Null space: The null space of a matrix is the set of all vectors that, when multiplied by the matrix, result in the zero vector. This concept is crucial for understanding linear independence and bases, as well as analyzing linear transformations represented by matrices. The null space reveals important properties about the solutions to linear equations, showing which vectors can be mapped to zero and thus indicating dependencies among vectors in a vector space.
Range: The range of a function is the set of all possible output values that result from applying the function to its entire domain. This concept is fundamental because it helps to understand what values can actually be produced by a function and how those outputs relate to the inputs, linking the notion of functions to various types, properties, and transformations.

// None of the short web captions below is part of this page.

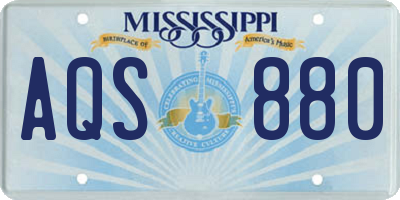 MS license plate AQS880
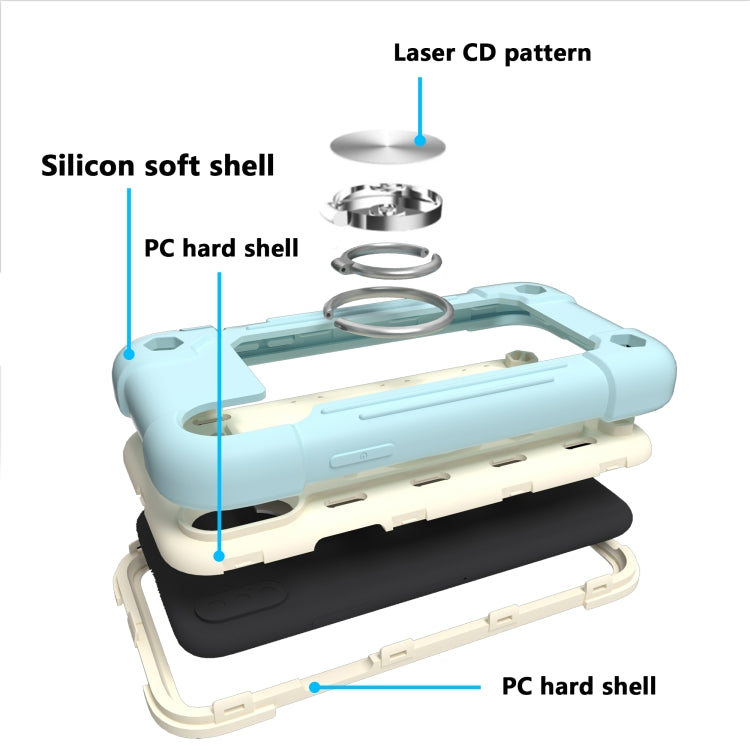 For iPhone X / XS Shockproof Silicone + PC Protective Case with Dual-Ring Holder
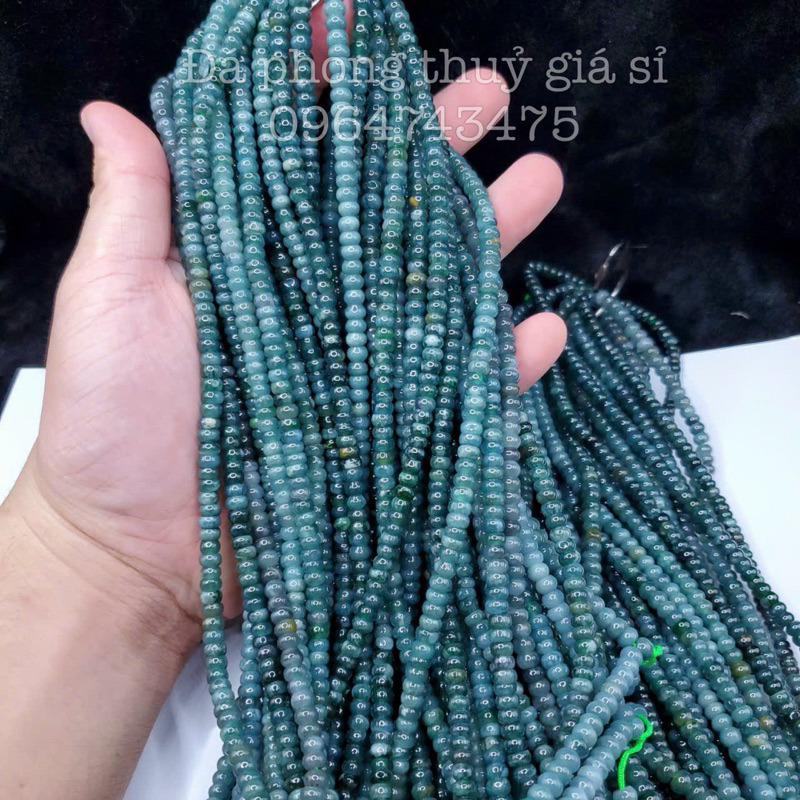 Chuỗi vòng lam ngọc bánh xe quấn 3 vòng 6mm tặng kèm kiểm định chất lương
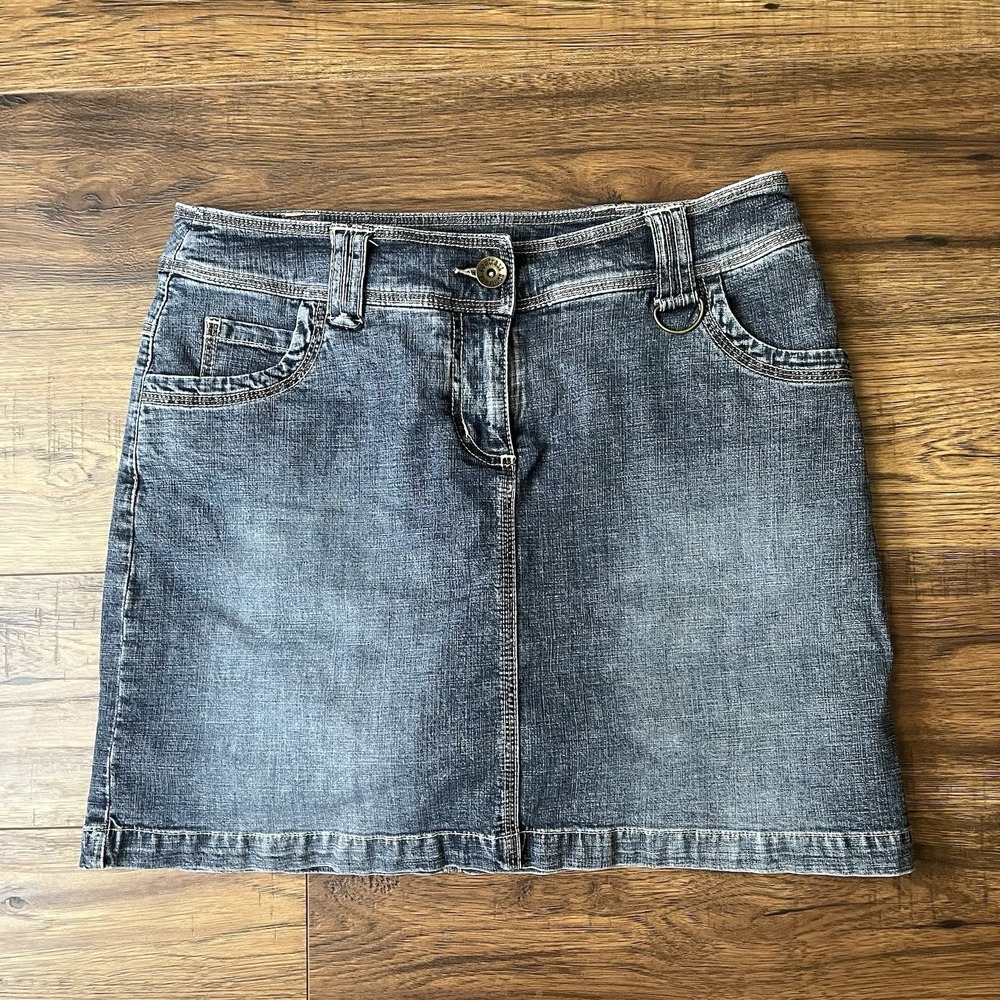 Vintage Y2K Blue Denim Jean Short Skort Mid Rise Sz 7 Pockets Preppy Summer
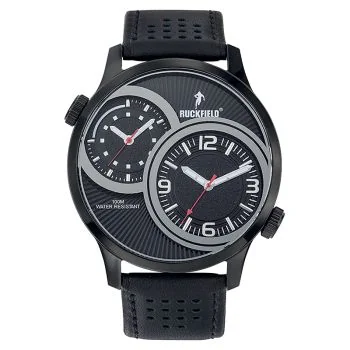 Face Montre Homme Ruckfield Sport Boîtier Acier Bracelet Cuir Noir Cadran Noir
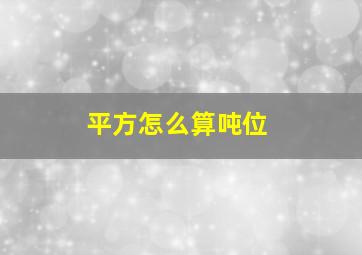 平方怎么算吨位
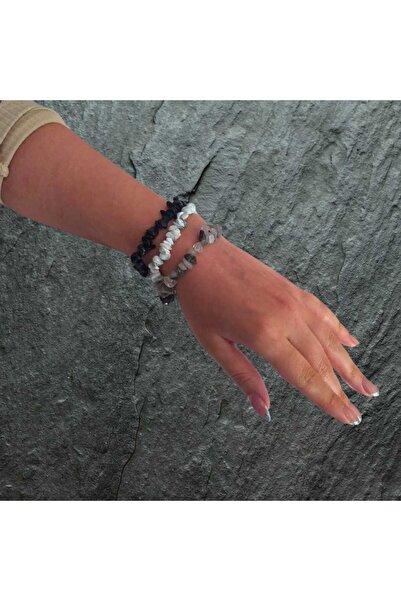 Mask Natural Stone Bracelet Set of 3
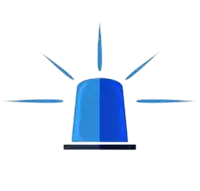 a blue emergency light with rays coming out of it on a white background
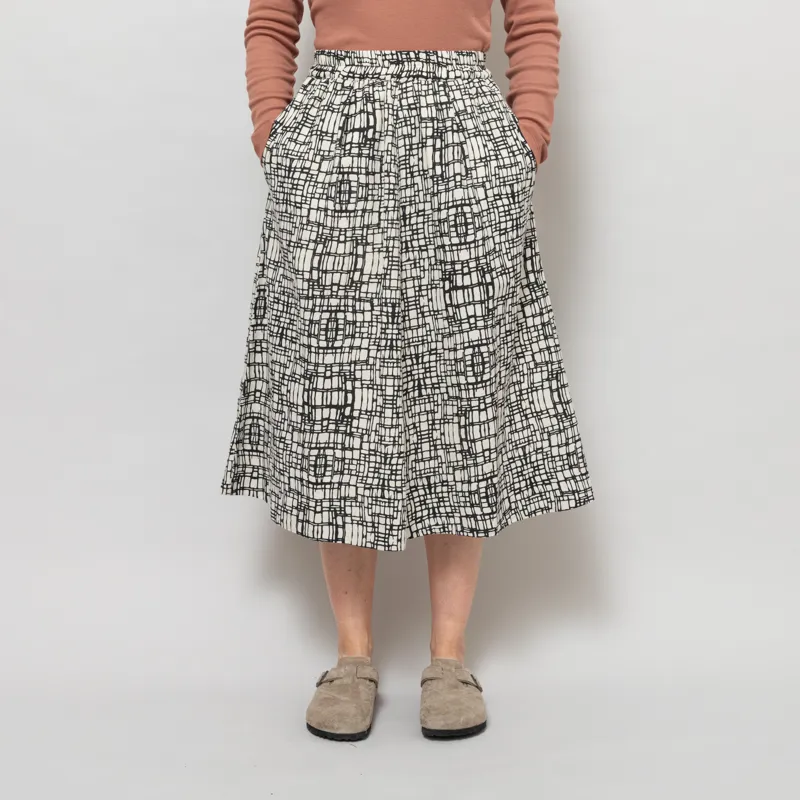 Folk Womens Full Seam Skirt Black Ecru Maze Print-1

Rank-nullity theorem: The rank-nullity theorem is a fundamental result in linear algebra that relates the dimensions of the kernel and image of a linear transformation to the dimension of its domain. It states that for any linear transformation from a vector space V to a vector space W, the sum of the rank (the dimension of the image) and the nullity (the dimension of the kernel) equals the dimension of V. This theorem highlights the intrinsic balance between how much information is retained and lost in linear mappings.
Row echelon form: Row echelon form is a specific arrangement of a matrix where all non-zero rows are above any rows of all zeros, and the leading coefficient (the first non-zero number from the left, also called the pivot) of each non-zero row is to the right of the leading coefficient of the previous row. This form is crucial for solving systems of linear equations and is connected to concepts such as linear transformations and matrices since it helps identify the solutions and structure of these systems.
Similarity Transformations: Similarity transformations are geometric operations that preserve the shape of figures while allowing for changes in size. This means that the angles of the figures remain the same, while the sides may be proportionally scaled, thus maintaining their relative dimensions. In the context of linear transformations and matrices, similarity transformations can be represented through matrix operations that demonstrate how one geometric figure can be transformed into another similar figure.
Square matrix: A square matrix is a matrix with the same number of rows and columns, which means its dimensions are n x n for some integer n. This unique property allows square matrices to have special characteristics and operations, such as determinants, eigenvalues, and invertibility, that do not apply to rectangular matrices. Square matrices play a crucial role in linear transformations, providing a way to represent and manipulate geometric transformations in a consistent manner.
Zero matrix: A zero matrix is a matrix in which all of its elements are zero. It plays a significant role in linear algebra, especially in the context of linear transformations and matrices, where it acts as the additive identity. This means that when you add a zero matrix to any other matrix of the same dimensions, the result is the original matrix, making it crucial for understanding operations involving matrices.
Zero Vector: The zero vector is a special vector in a vector space that has all its components equal to zero. It acts as the additive identity, meaning that when it is added to any other vector in that space, it does not change the value of that vector. This concept is essential for understanding linear transformations and matrices, as it helps define the properties of vector spaces and their behavior under various operations.